***** DATA FOR ANALYSIS

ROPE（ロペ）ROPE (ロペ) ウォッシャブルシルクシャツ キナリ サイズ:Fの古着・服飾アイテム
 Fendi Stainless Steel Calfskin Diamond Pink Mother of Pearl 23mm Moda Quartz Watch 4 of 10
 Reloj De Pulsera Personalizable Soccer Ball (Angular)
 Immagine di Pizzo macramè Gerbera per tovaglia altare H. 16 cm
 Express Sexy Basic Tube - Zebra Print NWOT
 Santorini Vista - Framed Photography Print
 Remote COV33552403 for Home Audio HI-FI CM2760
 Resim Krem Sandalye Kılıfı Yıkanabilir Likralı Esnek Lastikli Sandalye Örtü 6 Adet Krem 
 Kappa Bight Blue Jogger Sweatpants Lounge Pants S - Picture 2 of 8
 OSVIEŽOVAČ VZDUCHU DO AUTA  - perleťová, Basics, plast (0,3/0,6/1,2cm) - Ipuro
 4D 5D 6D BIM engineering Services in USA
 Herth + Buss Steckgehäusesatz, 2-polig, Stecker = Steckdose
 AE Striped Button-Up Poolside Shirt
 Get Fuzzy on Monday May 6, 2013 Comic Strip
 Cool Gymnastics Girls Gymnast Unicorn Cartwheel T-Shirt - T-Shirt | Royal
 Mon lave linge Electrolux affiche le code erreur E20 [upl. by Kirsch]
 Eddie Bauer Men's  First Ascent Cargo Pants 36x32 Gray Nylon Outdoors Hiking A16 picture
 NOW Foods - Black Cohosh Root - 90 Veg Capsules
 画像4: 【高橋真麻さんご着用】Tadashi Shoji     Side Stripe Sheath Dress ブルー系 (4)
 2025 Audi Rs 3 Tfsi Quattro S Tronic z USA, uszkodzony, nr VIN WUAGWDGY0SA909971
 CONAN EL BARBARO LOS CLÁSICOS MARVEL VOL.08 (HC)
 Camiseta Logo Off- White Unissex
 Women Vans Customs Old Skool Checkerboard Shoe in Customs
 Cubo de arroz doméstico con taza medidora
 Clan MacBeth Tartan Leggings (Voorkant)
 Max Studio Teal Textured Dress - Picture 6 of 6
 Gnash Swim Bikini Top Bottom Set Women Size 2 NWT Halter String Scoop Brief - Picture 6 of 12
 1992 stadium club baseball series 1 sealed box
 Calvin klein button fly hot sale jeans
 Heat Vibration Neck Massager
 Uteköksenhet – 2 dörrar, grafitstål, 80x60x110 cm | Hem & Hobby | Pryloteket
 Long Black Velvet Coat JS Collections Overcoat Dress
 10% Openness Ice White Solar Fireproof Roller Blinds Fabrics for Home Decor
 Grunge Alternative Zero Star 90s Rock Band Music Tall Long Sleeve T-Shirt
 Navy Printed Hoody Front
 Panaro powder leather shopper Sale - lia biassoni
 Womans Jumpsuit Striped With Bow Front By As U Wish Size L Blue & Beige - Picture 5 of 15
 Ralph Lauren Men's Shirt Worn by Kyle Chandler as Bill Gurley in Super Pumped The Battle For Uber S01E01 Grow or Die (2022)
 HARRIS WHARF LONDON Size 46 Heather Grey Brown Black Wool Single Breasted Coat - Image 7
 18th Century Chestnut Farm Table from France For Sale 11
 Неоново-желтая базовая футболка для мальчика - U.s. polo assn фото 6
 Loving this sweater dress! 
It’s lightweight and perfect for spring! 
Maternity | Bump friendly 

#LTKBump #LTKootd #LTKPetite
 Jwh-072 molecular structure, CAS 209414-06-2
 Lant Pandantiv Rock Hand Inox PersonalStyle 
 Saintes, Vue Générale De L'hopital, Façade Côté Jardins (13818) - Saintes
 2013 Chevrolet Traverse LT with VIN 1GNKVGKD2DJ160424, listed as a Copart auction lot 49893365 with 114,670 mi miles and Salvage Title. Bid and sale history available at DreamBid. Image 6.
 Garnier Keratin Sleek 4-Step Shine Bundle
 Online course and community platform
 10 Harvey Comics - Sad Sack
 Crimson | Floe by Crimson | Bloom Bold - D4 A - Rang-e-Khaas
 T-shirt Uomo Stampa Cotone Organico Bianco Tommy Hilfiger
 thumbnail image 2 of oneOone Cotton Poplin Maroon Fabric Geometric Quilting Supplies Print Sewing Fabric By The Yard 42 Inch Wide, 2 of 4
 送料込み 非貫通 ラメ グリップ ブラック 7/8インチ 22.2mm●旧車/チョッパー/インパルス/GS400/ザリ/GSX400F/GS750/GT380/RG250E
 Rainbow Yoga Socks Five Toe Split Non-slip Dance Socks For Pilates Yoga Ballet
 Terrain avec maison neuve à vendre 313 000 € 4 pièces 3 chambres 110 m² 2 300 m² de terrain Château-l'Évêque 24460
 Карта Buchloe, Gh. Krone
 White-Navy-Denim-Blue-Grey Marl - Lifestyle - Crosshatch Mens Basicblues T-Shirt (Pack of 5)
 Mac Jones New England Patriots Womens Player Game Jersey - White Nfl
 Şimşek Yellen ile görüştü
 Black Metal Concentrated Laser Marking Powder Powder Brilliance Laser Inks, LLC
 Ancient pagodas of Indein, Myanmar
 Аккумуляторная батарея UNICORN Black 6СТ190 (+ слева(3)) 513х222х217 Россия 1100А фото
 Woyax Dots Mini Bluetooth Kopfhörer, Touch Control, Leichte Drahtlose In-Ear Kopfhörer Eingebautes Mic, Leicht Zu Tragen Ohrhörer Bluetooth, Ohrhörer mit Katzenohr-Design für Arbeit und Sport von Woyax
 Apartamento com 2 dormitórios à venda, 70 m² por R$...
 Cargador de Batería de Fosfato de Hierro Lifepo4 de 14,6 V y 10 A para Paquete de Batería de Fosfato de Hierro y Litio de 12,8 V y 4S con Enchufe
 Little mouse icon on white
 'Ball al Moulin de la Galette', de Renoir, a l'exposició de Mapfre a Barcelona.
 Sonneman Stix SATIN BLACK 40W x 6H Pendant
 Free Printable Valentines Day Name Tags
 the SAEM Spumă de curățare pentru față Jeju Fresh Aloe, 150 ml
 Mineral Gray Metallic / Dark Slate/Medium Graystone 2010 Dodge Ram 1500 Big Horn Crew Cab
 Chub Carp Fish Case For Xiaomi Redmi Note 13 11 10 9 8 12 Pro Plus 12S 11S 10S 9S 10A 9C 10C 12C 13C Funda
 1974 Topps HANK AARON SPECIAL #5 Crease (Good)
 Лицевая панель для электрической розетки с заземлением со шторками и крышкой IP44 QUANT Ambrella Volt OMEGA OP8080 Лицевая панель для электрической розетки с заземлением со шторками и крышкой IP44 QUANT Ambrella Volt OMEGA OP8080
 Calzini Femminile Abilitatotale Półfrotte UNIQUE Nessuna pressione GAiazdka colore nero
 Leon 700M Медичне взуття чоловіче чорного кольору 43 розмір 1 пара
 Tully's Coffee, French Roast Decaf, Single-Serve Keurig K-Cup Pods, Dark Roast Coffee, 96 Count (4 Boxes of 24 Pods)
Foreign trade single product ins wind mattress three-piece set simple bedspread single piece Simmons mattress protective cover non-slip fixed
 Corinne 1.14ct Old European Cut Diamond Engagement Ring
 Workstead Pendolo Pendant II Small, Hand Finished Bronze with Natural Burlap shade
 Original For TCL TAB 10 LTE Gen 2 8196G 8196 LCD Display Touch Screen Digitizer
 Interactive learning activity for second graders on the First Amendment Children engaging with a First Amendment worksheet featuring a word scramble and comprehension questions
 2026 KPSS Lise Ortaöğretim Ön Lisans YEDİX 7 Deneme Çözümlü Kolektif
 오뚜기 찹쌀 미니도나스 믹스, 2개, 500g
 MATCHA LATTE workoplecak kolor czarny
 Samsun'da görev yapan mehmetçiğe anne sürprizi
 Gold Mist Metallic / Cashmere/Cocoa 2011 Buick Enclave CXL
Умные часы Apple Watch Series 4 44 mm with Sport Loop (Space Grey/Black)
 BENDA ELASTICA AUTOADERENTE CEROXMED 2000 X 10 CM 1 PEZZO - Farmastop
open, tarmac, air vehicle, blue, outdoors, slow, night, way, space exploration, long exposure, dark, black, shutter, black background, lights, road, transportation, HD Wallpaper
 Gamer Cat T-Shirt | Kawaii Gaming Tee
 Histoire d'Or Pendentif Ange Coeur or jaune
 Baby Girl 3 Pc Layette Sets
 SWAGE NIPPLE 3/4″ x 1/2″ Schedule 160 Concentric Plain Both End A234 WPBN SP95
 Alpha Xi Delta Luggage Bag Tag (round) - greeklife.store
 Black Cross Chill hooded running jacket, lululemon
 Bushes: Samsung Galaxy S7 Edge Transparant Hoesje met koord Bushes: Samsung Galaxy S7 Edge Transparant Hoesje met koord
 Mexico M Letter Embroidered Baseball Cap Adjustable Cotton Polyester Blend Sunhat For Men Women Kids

**********

• [PROBLEM DETAILS]:
Out of the data above, set down the lines from the one with "Workstead Pendolo Pendant" to the one with "BENDA ELASTICA AUTOADERENTE", both included, exactly as written and with no additions.

• [SOLUTION FOR THIS TASK]:
 Workstead Pendolo Pendant II Small, Hand Finished Bronze with Natural Burlap shade
 Original For TCL TAB 10 LTE Gen 2 8196G 8196 LCD Display Touch Screen Digitizer
 Interactive learning activity for second graders on the First Amendment Children engaging with a First Amendment worksheet featuring a word scramble and comprehension questions
 2026 KPSS Lise Ortaöğretim Ön Lisans YEDİX 7 Deneme Çözümlü Kolektif
 오뚜기 찹쌀 미니도나스 믹스, 2개, 500g
 MATCHA LATTE workoplecak kolor czarny
 Samsun'da görev yapan mehmetçiğe anne sürprizi
 Gold Mist Metallic / Cashmere/Cocoa 2011 Buick Enclave CXL
Умные часы Apple Watch Series 4 44 mm with Sport Loop (Space Grey/Black)
 BENDA ELASTICA AUTOADERENTE CEROXMED 2000 X 10 CM 1 PEZZO - Farmastop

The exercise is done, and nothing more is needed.